Combatting unreported work

12th of July 2019
Combatting unreported work

Using under-the-table cleaners or unreported employment in Norway has become a more costly affair. But just as fines have gone up, authorities have cut the activities holding the sector in check, reports Scandinavian correspondent Lotte Printz.

A honeypot for criminals. That’s how National Union Secretary Brede Edvardsen of the Norwegian Union of General Workers (including cleaners) describes the labour market because “the risk of getting caught is so ridiculously low”, as he puts it, speaking to an independent trade union magazine in Norway.
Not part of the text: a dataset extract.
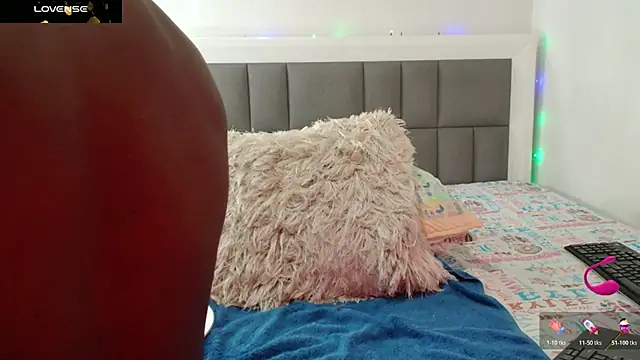 nicolaskan online show from February 2026 12:38:02 PM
“It’s easier to go under the radar with social dumping and other types of work-related crime in a shadow economy. And the shadow economy is huge,” Edvardsen says.

The cleaning and facilities sector per se is struggling with unreported employment, be it cleaning companies using illegal immigrants as cheap labour or people providing domestic services without paying income tax, sometimes referred to as ghosts.

Bigger fines

As a result, Brede Edvardsen was pleased when the Oslo Police increased the fines levied on offenders in this field from NOK 10,000 to 50,000 (€5,100), effective from January 1 this year, with the other Norwegian police districts expected to follow suit.

The directive governing the obligation to check whether the cleaning providers you buy services from are so-called legal ones was changed earlier, in the summer of 2018. Which means that it now applies not only to professional cleaning companies, but also to private individuals who then risk the same heavy fines for using under-the-table cleaners.

The Norwegian Working Environment Authority keeps a free and easily accessible registry on legal cleaning providers on its website, but the Norwegian employer organisation Virke still estimates that 90 per cent of domestic cleaning services are “cash-in-hand” jobs.

No official figures on the number of fines imposed since the effective date have been published as of yet, but the National Union Secretary told ECJ he has reason to believe that the heavier fines has had an impact already – not least a deterrent effect.

Unfortunately, he adds, a police reform is currently being implemented so the police have not been channelling their efforts into tackling unreported employment activities in the cleaning sector lately.

And the fight against unreported employment has suffered another blow: the Norwegian Working Environment Authority that is responsible for administering the working environment acts and doing inspections to that effect have cut down the number of inspections in the cleaning sector considerably. In the first quarter of 2019, only five thorough inspections have been carried out. In comparison, 119 inspections were carried out last year and more than 300 in both 2014 and 2015.

“Both, of course, are deeply worrying,” Edvardsen tells ECJ.

In the case of reduced inspections, he thinks that the past 10 years’ efforts to “clean up” and professionalise the sector may have suffered a serious setback. He is still confident though, that heavier fines will have an impact eventually and are an important measure in combatting the shadow economy in the cleaning and facilities sector.